▶ [WHAT TO DO]:
For this listing, the lines between the one holding "Collection 12 Living" and the one holding "Ventura tsunami video", inclusive, must be set down exactly.

▶ [DATA EXCERPTS]:
== == ==
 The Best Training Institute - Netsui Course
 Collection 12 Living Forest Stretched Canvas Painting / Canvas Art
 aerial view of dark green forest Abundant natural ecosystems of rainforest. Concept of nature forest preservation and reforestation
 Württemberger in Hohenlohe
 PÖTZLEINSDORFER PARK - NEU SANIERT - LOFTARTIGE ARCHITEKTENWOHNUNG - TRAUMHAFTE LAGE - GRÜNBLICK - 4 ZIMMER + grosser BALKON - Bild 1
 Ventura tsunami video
== == ==
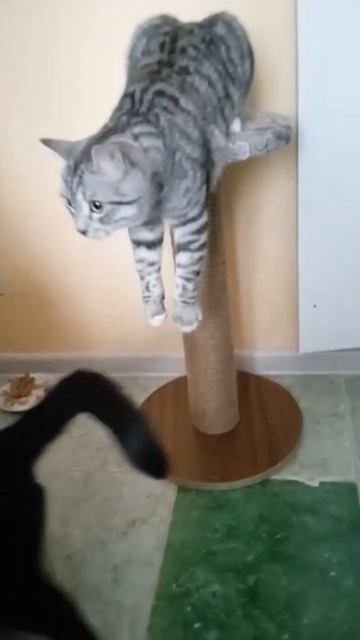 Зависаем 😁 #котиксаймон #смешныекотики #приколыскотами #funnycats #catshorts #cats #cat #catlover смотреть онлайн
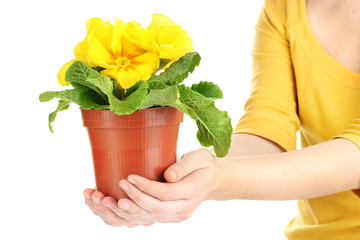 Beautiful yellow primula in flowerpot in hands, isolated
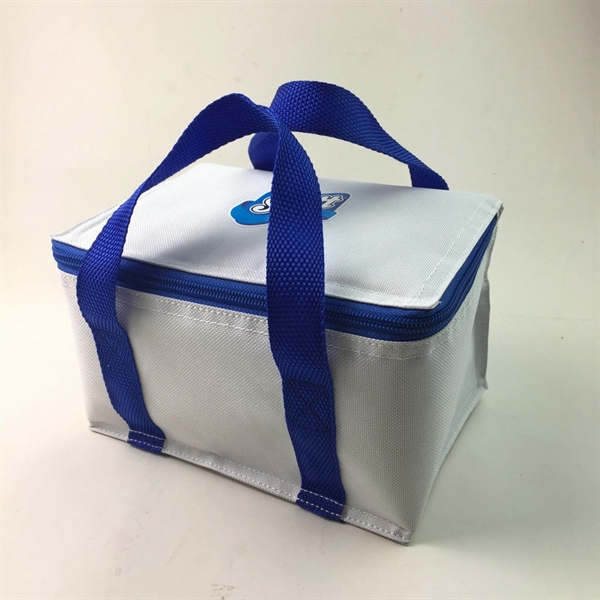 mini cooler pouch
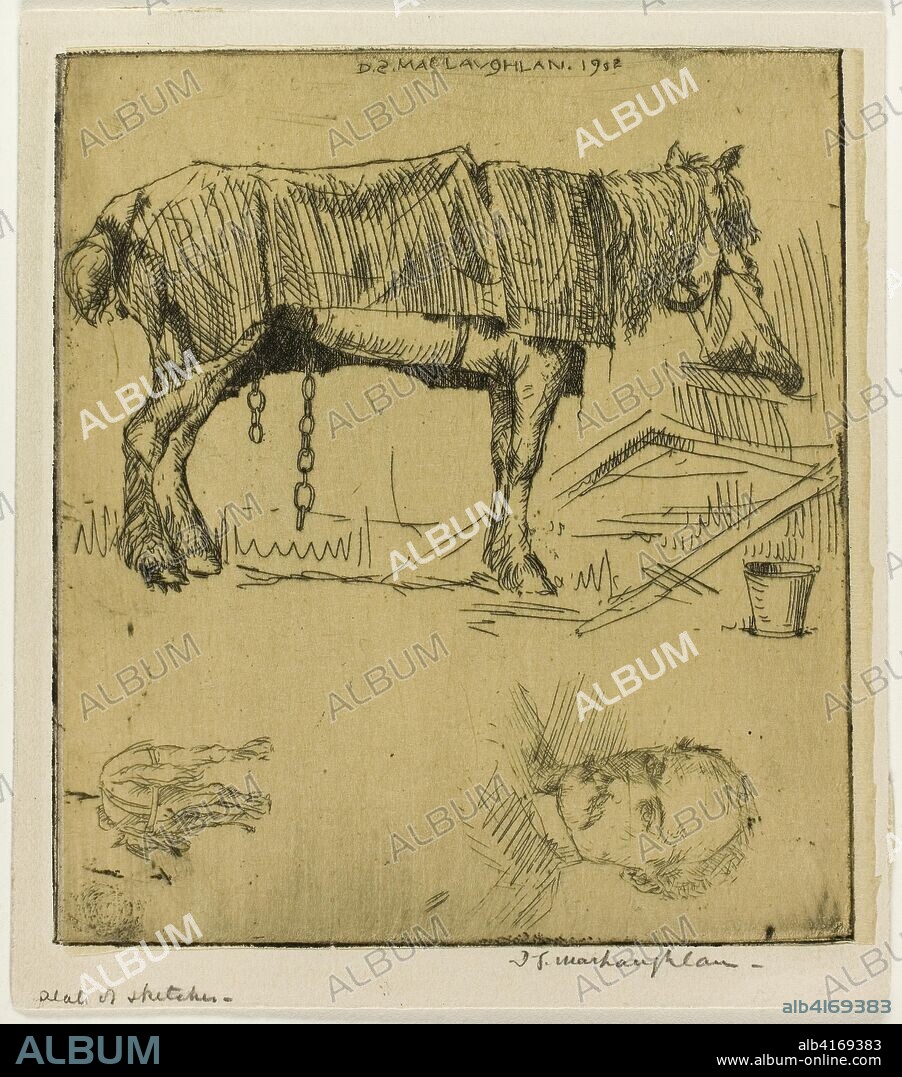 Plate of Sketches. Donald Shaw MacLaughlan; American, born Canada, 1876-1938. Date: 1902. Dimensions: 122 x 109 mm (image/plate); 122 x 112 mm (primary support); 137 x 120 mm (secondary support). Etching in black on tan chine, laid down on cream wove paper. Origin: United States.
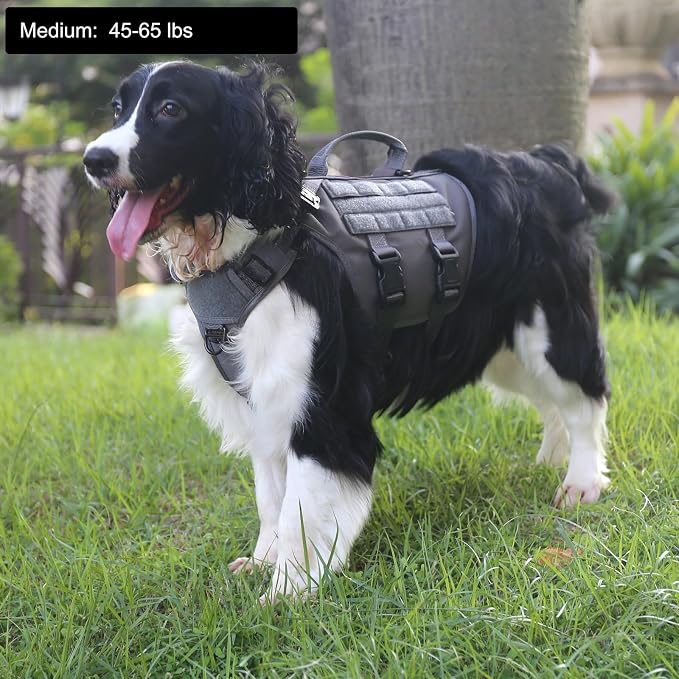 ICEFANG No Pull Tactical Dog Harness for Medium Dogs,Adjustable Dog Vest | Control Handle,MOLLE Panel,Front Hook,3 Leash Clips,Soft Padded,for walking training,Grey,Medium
== == ==
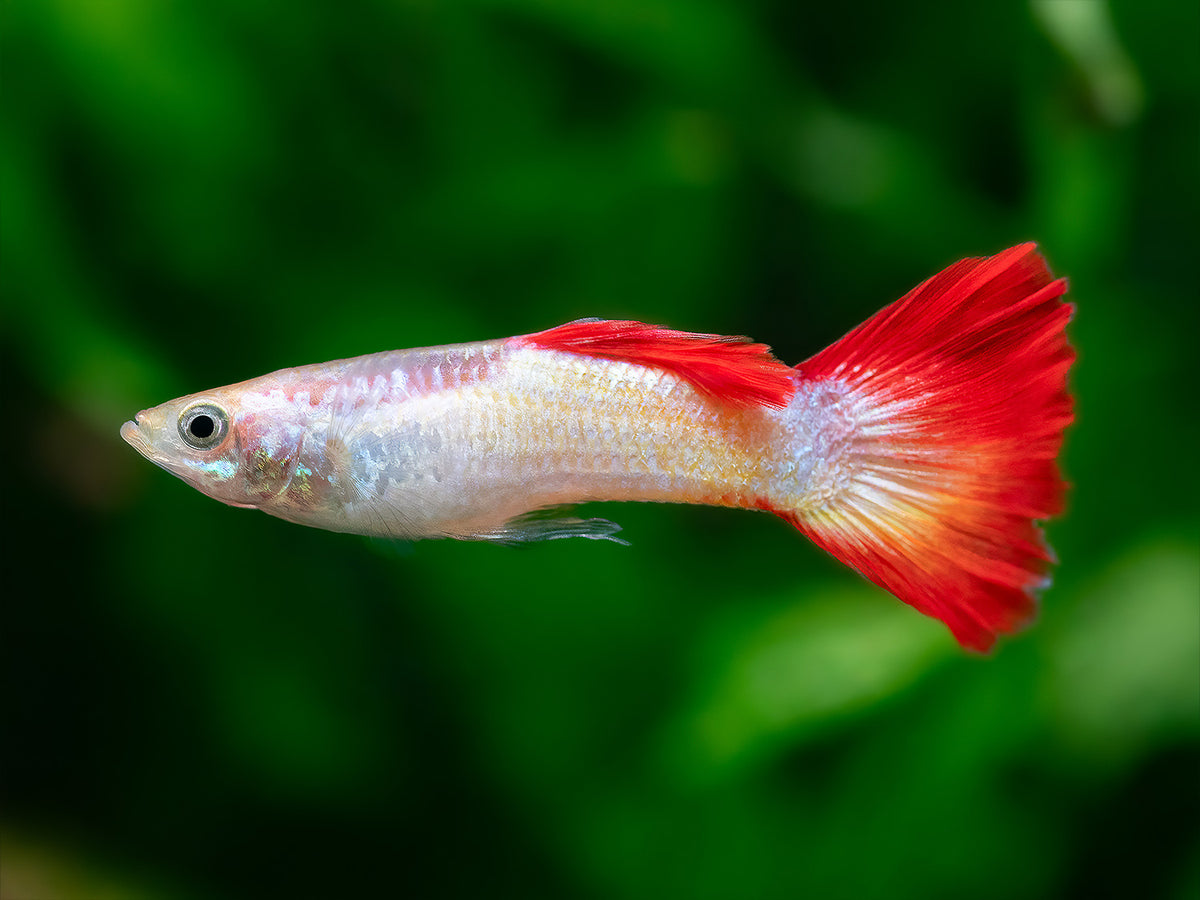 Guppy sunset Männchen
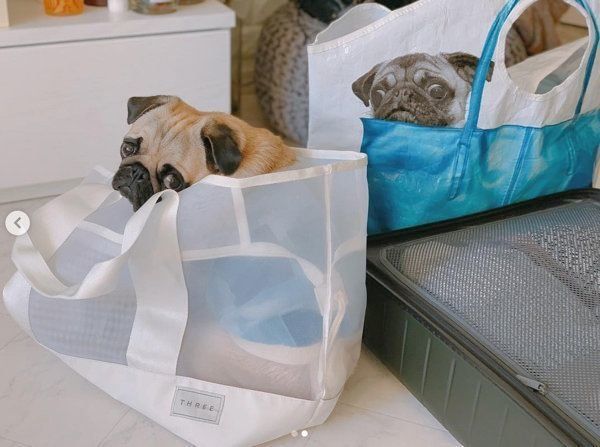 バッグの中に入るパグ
== == ==
▶ [YOUR SOLUTION]:
 Collection 12 Living Forest Stretched Canvas Painting / Canvas Art
 aerial view of dark green forest Abundant natural ecosystems of rainforest. Concept of nature forest preservation and reforestation
 Württemberger in Hohenlohe
 PÖTZLEINSDORFER PARK - NEU SANIERT - LOFTARTIGE ARCHITEKTENWOHNUNG - TRAUMHAFTE LAGE - GRÜNBLICK - 4 ZIMMER + grosser BALKON - Bild 1
 Ventura tsunami video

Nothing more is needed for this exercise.